Three new promotional items for Brno University of Technology were developed in an unconventional way—as part of a studio course for master's students in Industrial Design at the Faculty of Mechanical Engineering. The designs selected by the Rector's Office have now progressed to their first prototype production series.
The collaboration began informally during the Majáles student festival. “We met Jiří Dukát there, who is responsible for the university merchandise, and started talking. We discussed what BUT currently offers and agreed that it would be great if the faculties had their own original promotional items with a story behind them,” explains Pavol Lupták, designer and lecturer at the Institute of Machine and Industrial Design.
One conversation led to another, and Lupták incorporated the assignment into his studio course the very next semester. Over the course of nine weeks, the students went through the entire design process—from selecting a theme and creating initial sketches to developing digital models and producing physical prototypes. “They worked step by step. It was important that the final products could actually be manufactured using the technologies available at the faculty,” Lupták adds, noting that each student submitted a product presentation along with one final prototype.
The three designs selected for a pilot production series of ten units each were a mobile phone stand by Lukáš Bláha, a pen holder by Denisa Páleníková, and a headphone stand by Miroslav Pleskal. All three make use of 3D printing, a technology students often choose because of its accessibility and rapid production capabilities, and were manufactured in the strojLAB workshops at the institute.
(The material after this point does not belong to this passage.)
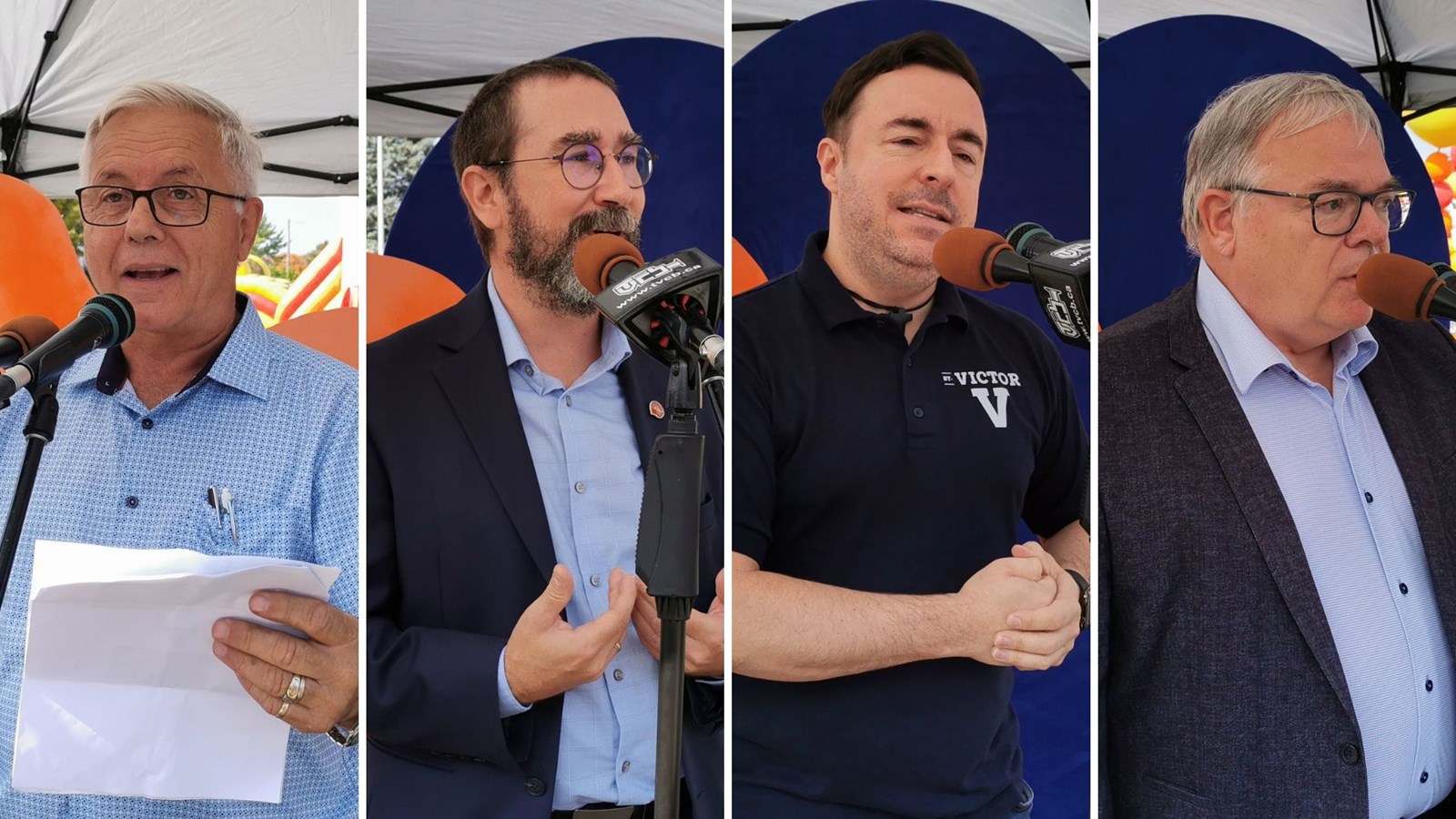 Le maire de Tring-Jonction, Mario Groleau, le directeur au développement de Centraide, Benoit Poirier, le préfet de la MRC Beauce-Centre, Jonathan V Bolduc et le député de Beauce-Nord, Luc Provençal.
The BUT Rector's Office sees the collaboration as a meaningful step toward the systematic development of university merchandise. “We have long sought to ensure that BUT promotional items are not merely carriers of visual identity, but also have their own story and reflect the university environment. Involving faculties and students is a natural way to achieve this goal. At the same time, it creates opportunities for original products that can authentically represent individual parts of the university while fitting within the overall BUT brand framework,” says Jiří Dukát from the BUT Marketing Department.
According to Lupták, working on a real-world assignment brings unique value for students. “It is more engaging than purely simulated projects. At the same time, students encounter the constraints of a real client—they must consider production costs and technological limitations, which naturally guide their creativity. That's why I believe it is important for them to experience both during their studies: working on real products as well as projects where the only limit is their imagination,” says Lupták.
In addition to the winning designs, the studio produced a wide range of other concepts, including a cable organizer, a laptop stand, and a card holder.